"Bir yaz havasını, boğucu sıcağı, ateşini tüm kuvvetiyle olmasa bile bize gönderen güneşi buz kestiren bir hayat.. Kendine inşa etmeye devam ettiği cehennemin sıcağıyla boğuşan İlker ateşin kontrolünü kaybedip her şeye hükmetmesini izliyordu adeta. Bu cehennem öyle bir yerdi ki insanın içini sıcaktan kavurup yakmayı da biliyordu, tüm bedeni ve ruhu buz kestirmeyide. Bir adam ya da bir kadın kaç defa ölebilir ki hayatta ? Kaç defa aldığı nefes boğazına düğümlenir ? Ya da kaç defa yarım bırakılır diğer insanlar tarafından ? Her insan başkasının ölümünü hazırlar bu hayatta. Yaşarken ölmekte var bu hayatta, her şeyi unutun bunu unutmayın; sevgi geçer, hastalık geçer, kin geçer, öfke geçer, aşk geçer ama ruh bedenden ayrıldığında ne yaparsan yap onun yarası geçmez. Yaşarken kıymetini bilmeli insan, sevdiklerinizi öldürmeyin. Başkaları için değişmeyin, onları öldürmeyin!''
(Yorucu bir günün ardından İlker'in acısı azalmamış olsada, Aslı ve Pınar'a bunları yapanların yakalanmış olması her şeyi bitirmese de bir nebze rahatlatıyordu)
Olayın olduğu gün her yer buz gibiydi, sıcacık güneşin soğuğunu yaşıyordum adeta.

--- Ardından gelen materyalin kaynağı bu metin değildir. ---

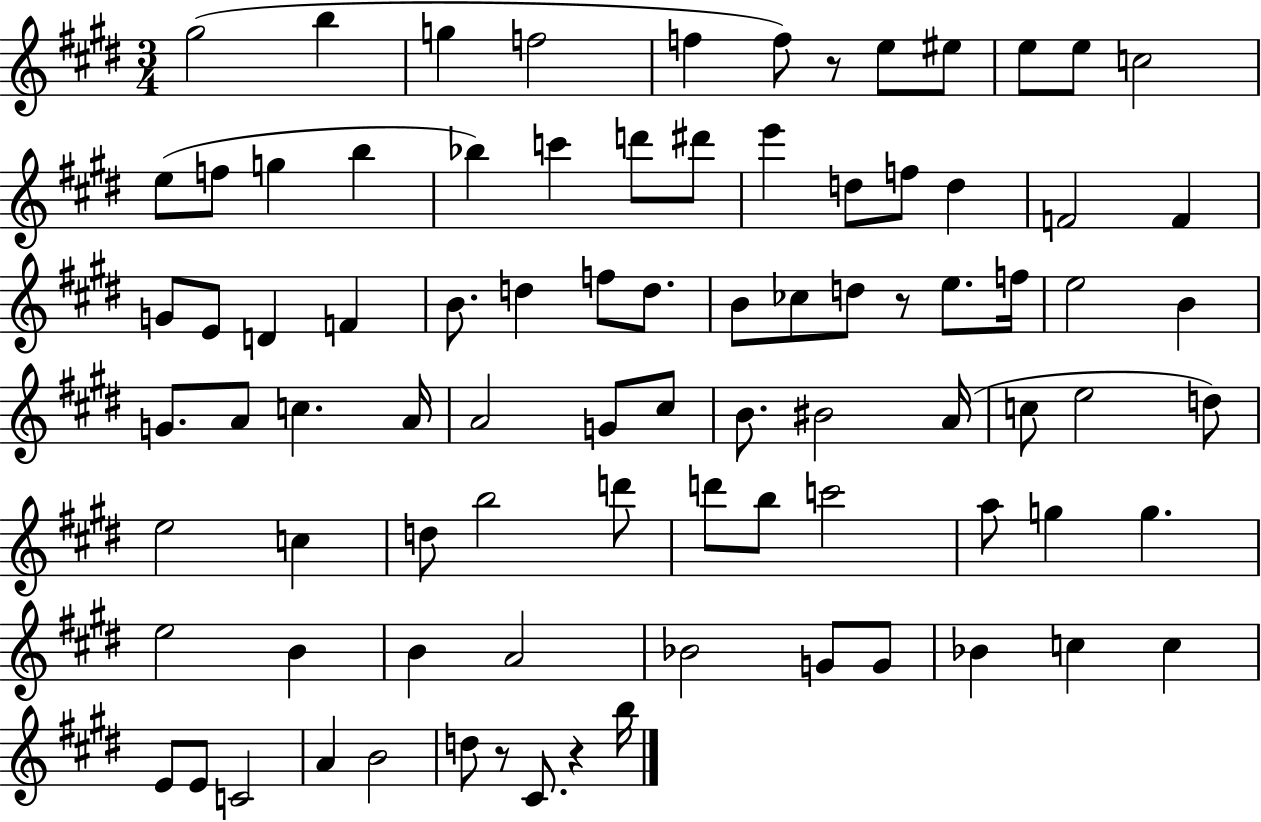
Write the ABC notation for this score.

X:1
T:Untitled
M:3/4
L:1/4
K:E
^g2 b g f2 f f/2 z/2 e/2 ^e/2 e/2 e/2 c2 e/2 f/2 g b _b c' d'/2 ^d'/2 e' d/2 f/2 d F2 F G/2 E/2 D F B/2 d f/2 d/2 B/2 _c/2 d/2 z/2 e/2 f/4 e2 B G/2 A/2 c A/4 A2 G/2 ^c/2 B/2 ^B2 A/4 c/2 e2 d/2 e2 c d/2 b2 d'/2 d'/2 b/2 c'2 a/2 g g e2 B B A2 _B2 G/2 G/2 _B c c E/2 E/2 C2 A B2 d/2 z/2 ^C/2 z b/4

Evet tamda bu şekilde; sıcak güneşin soğukluğuyla kaplıydı her hücrem! Bu içimde yaşadığım bir soğukluktu, tüm bedenimi kaplıyordu. Babamdan korktuğum günler geldi aklıma, o günler bile daha güzeldi inanın bana. Kötünün iyisi demek var ya, onu yaşıyordum. Saatler ömrümü alıyordu, heran yediğimiz dayak, Pınar ve Aslı'nın o hali gözümden gitmiyordu. Arkadaşlarım bana suçlu gözüyle bakıyorlardı, sanki her şeyin sorumlusu benmişim gibi. Elimi yüzümü yıkayıp artık ayağa kalkmam için yanıma Aslı geldi, tüm karamsarlığı gözümden silmek vardı hedefinde..

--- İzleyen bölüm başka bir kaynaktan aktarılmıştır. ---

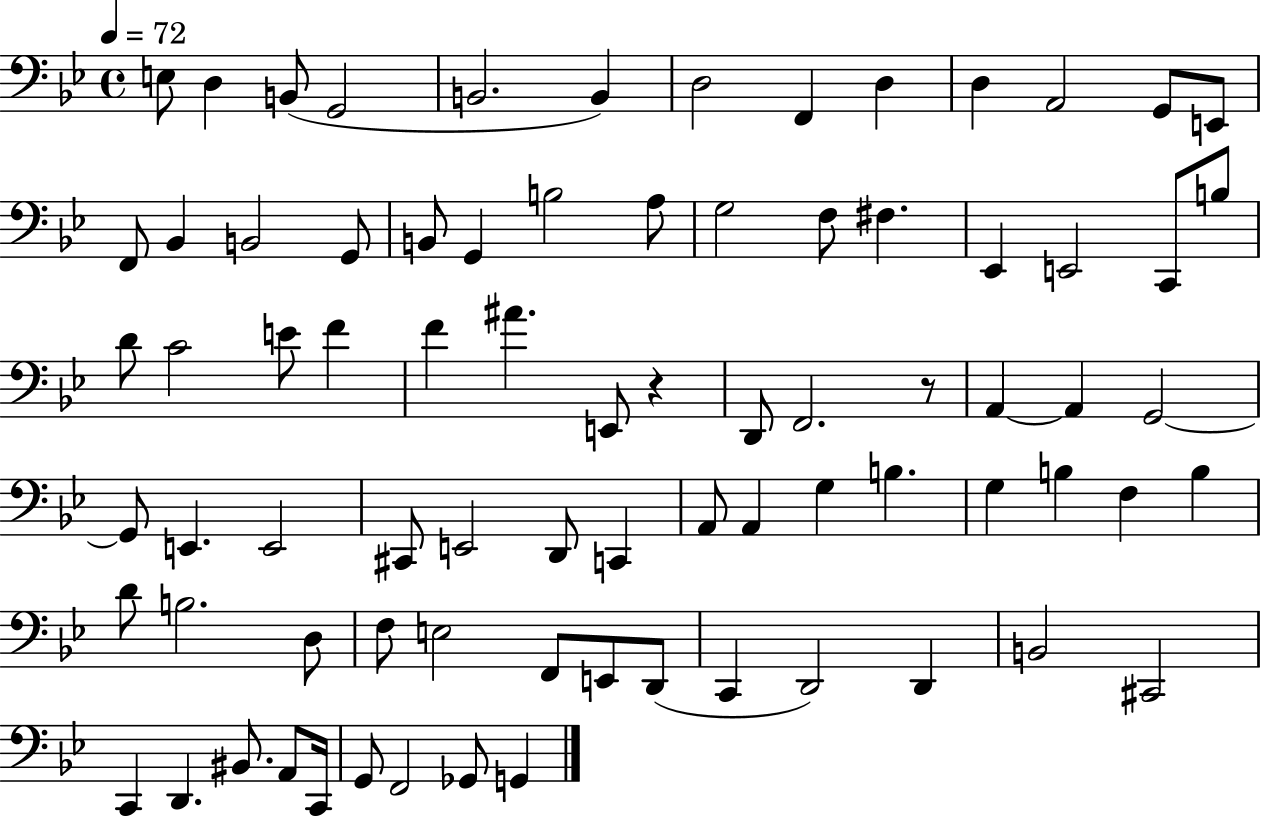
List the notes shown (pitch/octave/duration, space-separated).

E3/e D3/q B2/e G2/h B2/h. B2/q D3/h F2/q D3/q D3/q A2/h G2/e E2/e F2/e Bb2/q B2/h G2/e B2/e G2/q B3/h A3/e G3/h F3/e F#3/q. Eb2/q E2/h C2/e B3/e D4/e C4/h E4/e F4/q F4/q A#4/q. E2/e R/q D2/e F2/h. R/e A2/q A2/q G2/h G2/e E2/q. E2/h C#2/e E2/h D2/e C2/q A2/e A2/q G3/q B3/q. G3/q B3/q F3/q B3/q D4/e B3/h. D3/e F3/e E3/h F2/e E2/e D2/e C2/q D2/h D2/q B2/h C#2/h C2/q D2/q. BIS2/e. A2/e C2/s G2/e F2/h Gb2/e G2/q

+ 'İlker artık bu cehennemden gitmeliyiz. Kalk ve kendine gel.' dedi. Şöyle yanıtladım o güzel cümlesini;
- Bir insan kendinden nasıl kaçabilir Aslı ? Nasıl içi yanıp kavrulurken buz keser tüm hücreleri ? İnsan canı yana yana nasıl nefes alabilir söyle bana Aslı! Bu cehennemden kurtulalım diyorsun ya hani; bana bir ışık ver, yalvarırım sana! Çok denedim, olmuyor Aslı. O ışık gün geçtikçe ölüyor inan bana..
( İnsanı yaşı değil, yaşadıkları büyütür )

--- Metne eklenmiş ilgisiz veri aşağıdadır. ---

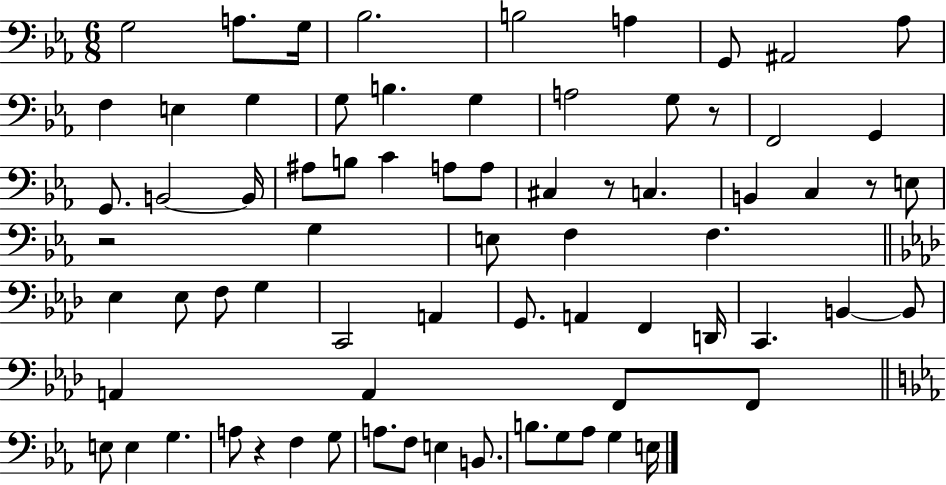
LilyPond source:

Aslı üzgün bir ses tonuyla saçlarımı severek;
+ Sen yanarken ben sana sırt çevirmediğim gibi, sende bana çevirmeyeceksin İlker! Bizim daha yaşayacağımız çok güzel şeyler var. Okulu bitirip liseye gideceğiz sonra üniversiteye, Dünya'yı gezeceğiz her şeyi yapacağız. Seveceğim adamı ilk sana anlatacağım, seninle tanıştıracağım. Sen benim kardeşimsin İlker, kardeşler birbirinin ölmesini istemez. Yaşarken ölüyorsun İlker, ölme!
Ağlayarak gözlerine bir süre baktım Aslı'nın, kısık bir ses tonuyla yanıtladım;
- 'Yaşarken ölmek' ne güzel söyledin be Aslı! Yaşarken öldürdüler beni, çocukluğumu yaşayamıyorum, insanlar gülüp mutlu olurken ben kan kusuyorum! Bak ellerime, dikkatle bak. Ben hakediyor muyum bu kanlı elleri ? Göremiyorsun değil mi ? Daha dikkatli bak Aslı! Ellerimizde kanlar var, sevdiklerimizin kanları!
(Ateşin soğukluğu kapladı biranda odayı, tüm oda buz kesti ve sustular birbirlerine bakarak)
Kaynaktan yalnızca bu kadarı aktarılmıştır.